The last bit was thrown out in challenge, like he assumed I was already mentally making plans to kick him off the bus.

He was absolutely right.

“Reagan, you must see that you can’t… we can’t, especially after…” I shook my head, annoyed at myself. “You’re not going,” I bit out. “There’s no way.”

He folded his arms over his chest. “You need a support person on this trip to coordinate with the PennCo PR team while you’re busy doing CEO stuff—or at least everyone seems to think you do—and I’m the most logical choice since I’m actually on the PennCo PR team, even if I happen to be at the very bottom of the food chain. If you pick someone from another subsidiary to replace me or, worse, say you’d rather go alone, people are going to wonder what’s wrong with me.” He lifted his chin. “They’re going to think I can’t do the work, which is bullshit because I absolutely can, or that you don’t like me, which is ridiculous because I’m a fucking delight. I want my Pennington employee file to show that I’m a dedicated employee and a team player, thank you very much.”
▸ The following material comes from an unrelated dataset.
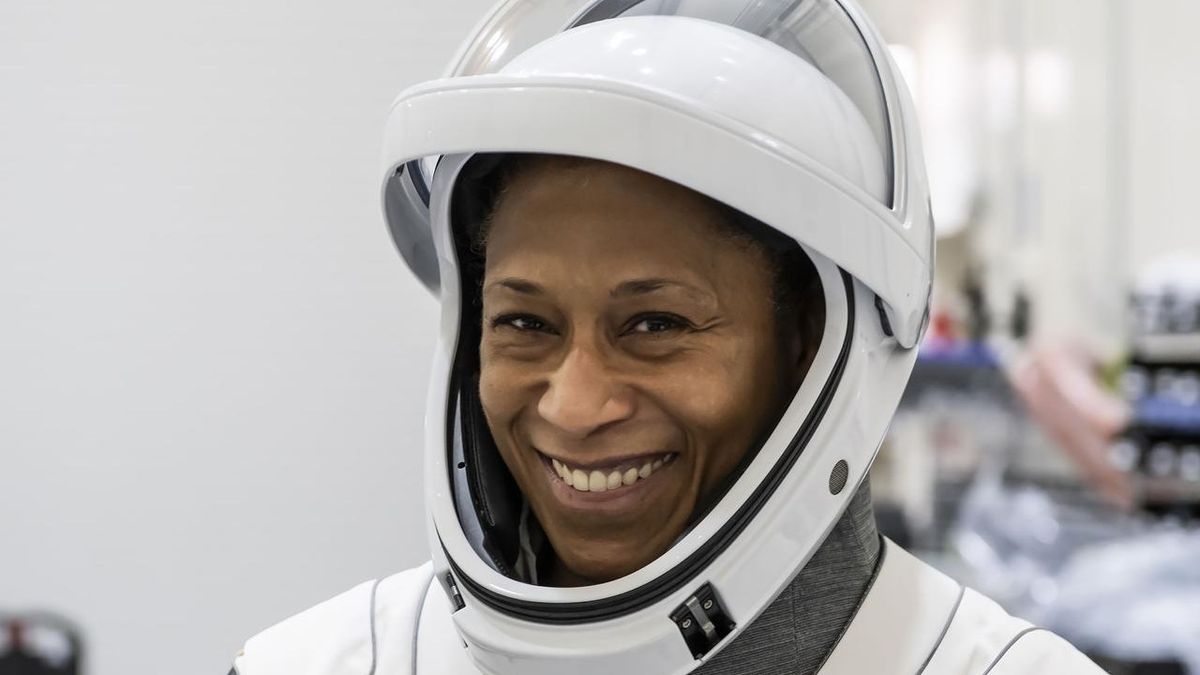 Por qué la astronauta de la NASA Jeanette Epps esperó 6 años más para una misión espacial a la ISS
“Because you care that deeply about a low-level position in the PR department of a textile company.” I raised an eyebrow. “Why?”

He opened his mouth to say something, then thought better of it and shrugged. “Why not?”

Why not, indeed. I folded my arms and leaned back, too, mirroring his position, and we watched each other with the twitchy focus of a pair of Old West gunslingers at high noon. The bus lurched slightly as McGee pulled us out onto the street.

I wanted to think up a perfectly acceptable, work-appropriate reason why Reagan should not come on this trip—surely there were hundreds—but damned if I could think of a single one while he was watching me like that. I couldn’t imagine why he’d want to be here, but it seemed he did. Denying him the opportunity—and potentially damaging his reputation in the process—simply because we’d slept together was the very definition of not-okay.

So… it appeared I was stuck. This was not a condition I often found myself in these days, and I couldn’t say I enjoyed the feeling of powerlessness. But I was a grown man capable of resisting temptation even in forced proximity—I’d managed to get through an entire Honeybridge vacation last summer without laying a hand on Trent and Patricia’s son, after all. So I could handle this.

“Fine, then.” I clenched my back teeth together. “Stay.”

Reagan’s suspicious gaze scanned my face, looking for a catch. “Really.”

“Until Layla’s feeling better, yes. Truce?”

“Truce.” His lip twitched, and his eyes lit with humor. “Were we at war?”

“Weren’t we? You compared yourself to a feral beaver. That sounded rather aggressive.”

“A rabid beaver,” he corrected. “And you’re right. If you’d seen the colony of rabid beavers that took over Lake Wellbridge when I was twelve, you’d know just how aggressive they can be. I was petrified to swim for a whole summer, convinced they’d gnaw my dick off.”

I did not want to be thinking about Reagan’s dick or about the way he’d looked when he was swimming—back muscles rippling as he dove beneath the surface, face creased with joy when he emerged a moment later shaking rainbow droplets from his hair. “You seem to have gotten over that fear.”

“I was told I was over it,” he corrected. “Which is different. The beavers might’ve been part of a Honeycutt plot to take over the lake, you see, so Mother insisted JT and I swim daily. Show your enemies no fear, whether they’re beavers or Honeycutts.”

I snorted. “I know your mother’s competitive, but was she really willing to risk your… body parts… to make sure the Honeycutts didn’t win?” I only wished this were as unbelievable as it sounded.

Reagan’s grin appeared and disappeared, fast as lightning and just as breathtaking. “You have met Patricia Wellbridge, yes?”